What this task involves: Word for word, copy the lines from the one with "An image closeup" to the last line of the data below, counting both, and keep every picture out.

Collected data:

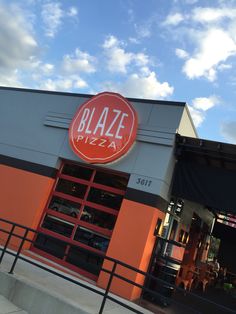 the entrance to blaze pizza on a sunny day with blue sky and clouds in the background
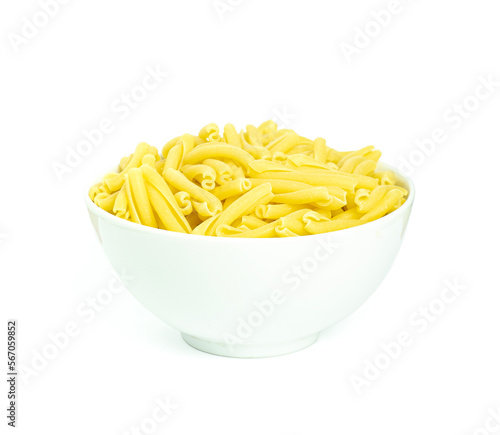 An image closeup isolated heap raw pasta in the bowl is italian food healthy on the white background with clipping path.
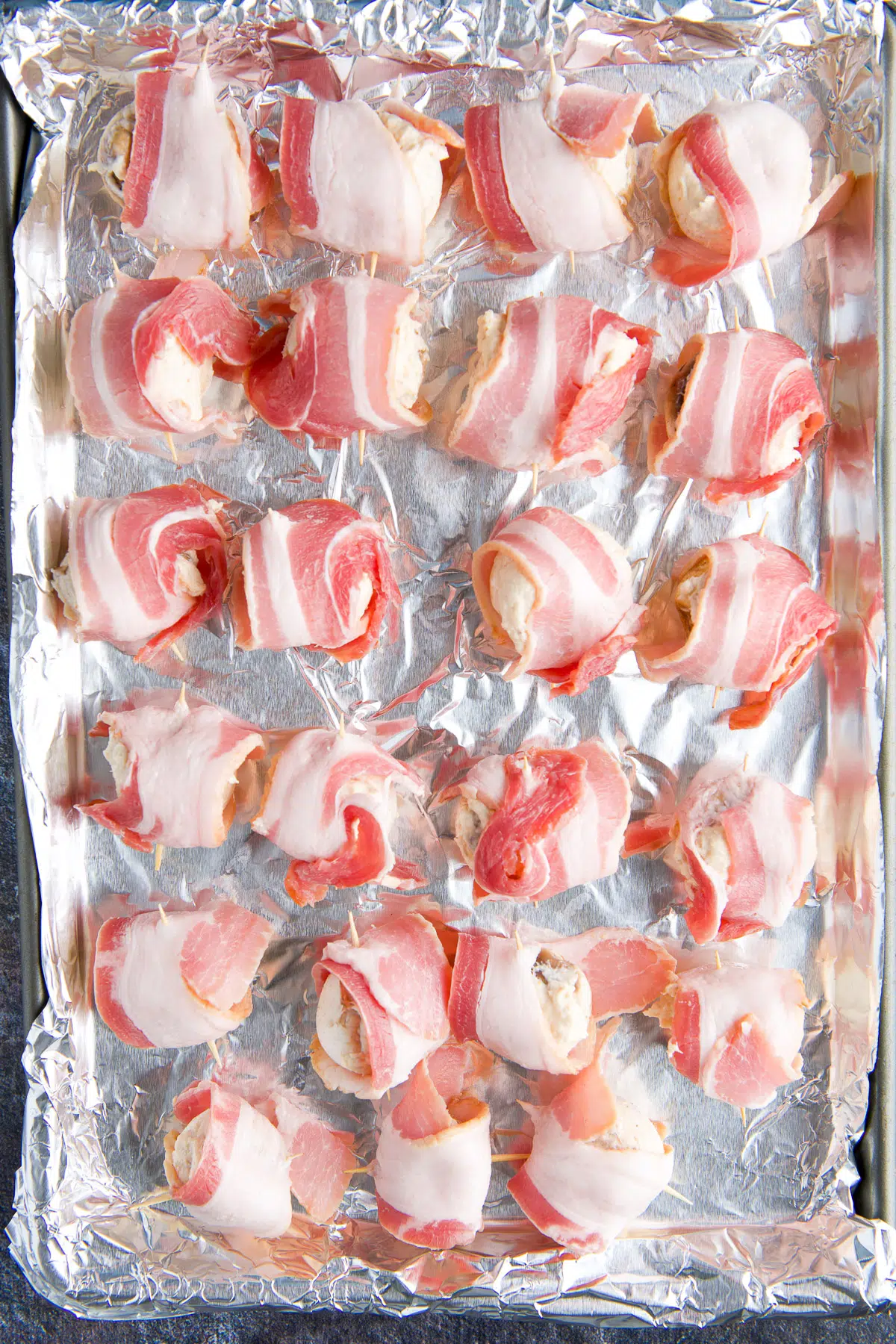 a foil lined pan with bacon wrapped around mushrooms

Output for this exercise:
 An image closeup isolated heap raw pasta in the bowl is italian food healthy on the white background with clipping path.
 a foil lined pan with bacon wrapped around mushrooms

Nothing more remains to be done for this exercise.